Naturally, children had more difficulty in verbalizing their thoughts regarding specific game mechanics,
especially when technical concepts or game actions were concerned. Despite these aspects, the results
helped to confirm what had already been learnt during the previous phase. Children suggested
directions for the design process of the software. From these observations, children not only gave details
of how to draw animals (e.g. a cross in the eyes of the dead fish), but also regarding the interaction and
behaviours of the animals. At the end of one session one pupil stated regarding his experience: ‘I think
they [teachers] could talk more in schools about this and the consequences of not doing recycling’ [PT
pupil]. Additionally, most pupils felt that they had learnt new concepts about recycling and the effects on
the ocean.
A usual way of optimising experiences in HCI is through user-centred design. In the developing process
of a new product or service, user input could be critical to success. When participants are children, the
extent and type of consulting is more controversial. An underlying assumption behind PD is that users
and designers can view each other as equals in the design process. Although some authors stated that
the users’ inexperience and lack of design skills could restrain the creative process, the closer
involvement of the user with the application can also produce benefits. In fact, this involvement between
the end user and designers can help exactly to balance that divergence. It is also true that in some
contexts building this relationship could be more challenging. The short periods working together and
interpreting children’s statements, not always straightforward, could be a challenge. The combination of
different roles helped to reduce the uncertainty associated with an idea expressed by one pupil and thus
enabled a better characterization of the game experience and increased the pupils’ inputs.
This study aimed to understand how the inclusion of pupils from the beginning of the design process
could influence the directions of the prototype, particularly if pupils can provide useful feedback in the
design of more effective learning experiences. The results show that children can be brought into the
design process and make a contribution. The achievements of having involved pupils into the design
process and in evaluating an application were inspiring. Interactive multimedia content showed to be a
powerful tool, as pupils became engaged with colours, sounds and images in the learning process.

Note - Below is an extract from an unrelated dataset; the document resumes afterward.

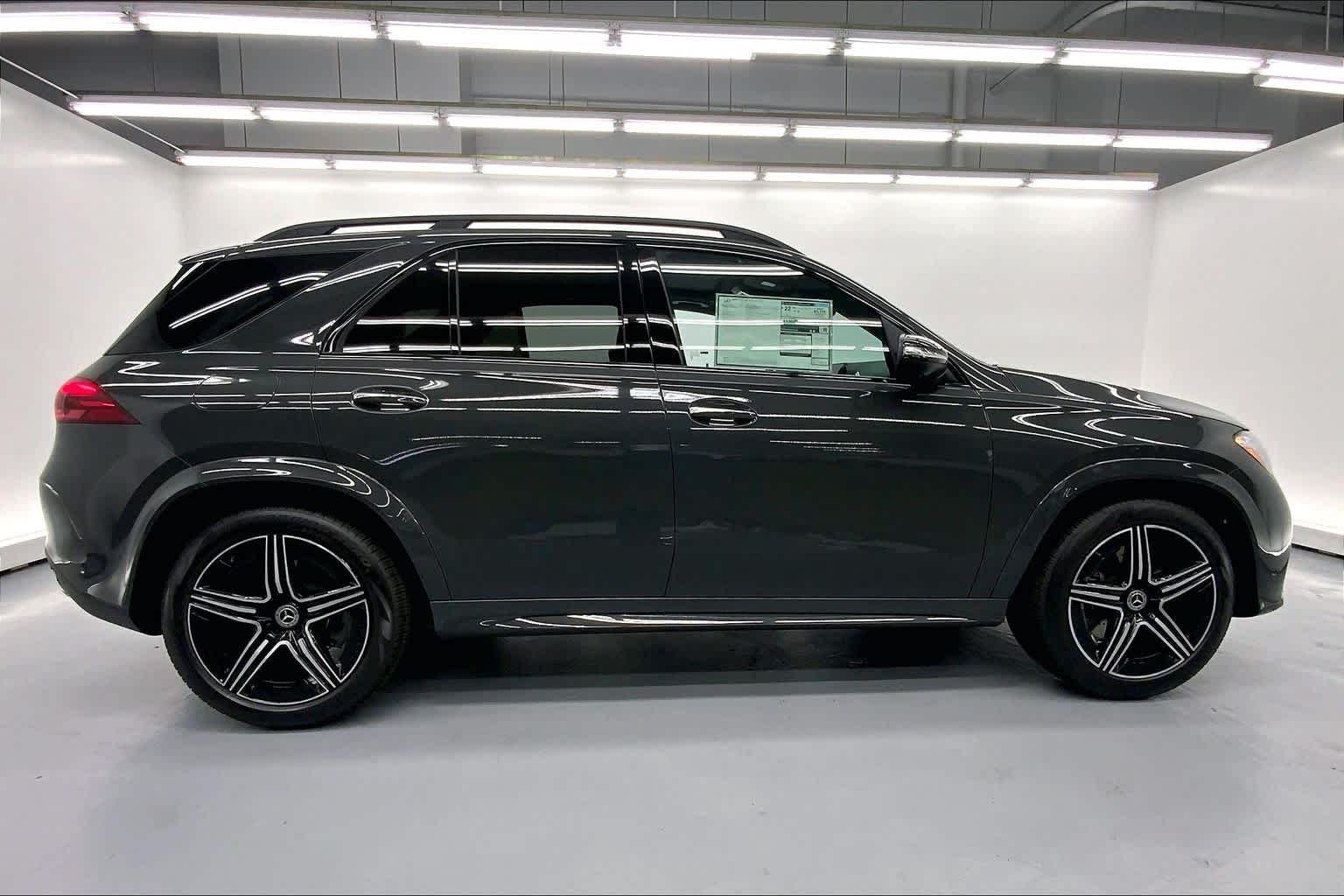 2026 Mercedes-Benz GLE 350 4MATIC® SUV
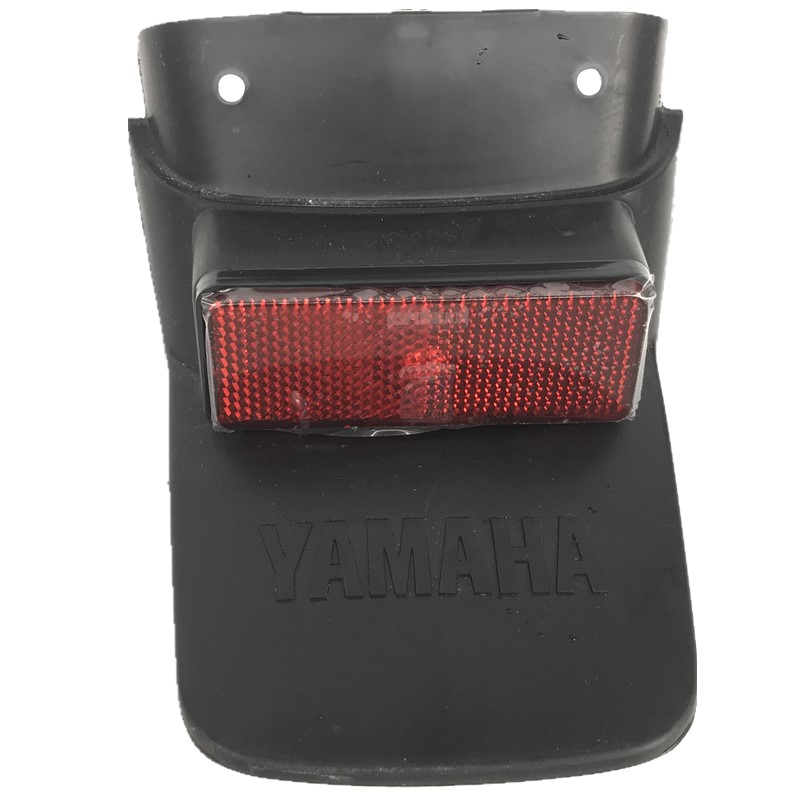 雅马哈劲豹150原厂后泥板SRZ150后泥板后段劲虎150改装后泥板鸭尾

Findings show 86% of the children would not need any assistance to play the game. The pupils’
familiarity with mobile platforms was extraordinary, and that fact allowed them to act in a very
comfortable way not only with the platform but also with the game. They are confronted everywhere with
new mobile technologies, which are available at continually lower costs. Children were able to express
in a fascinating way ideas related to concepts such as game elements (e.g. badges and leader boards),
game mechanics (e.g. challenging, progression), graphic image (e.g. illustrations, iconography) and
interaction (e.g. animal behaviour). It was also interesting to observe that the children’s feedback from
both countries (PT and the UK) was very similar, suggesting a similar game culture.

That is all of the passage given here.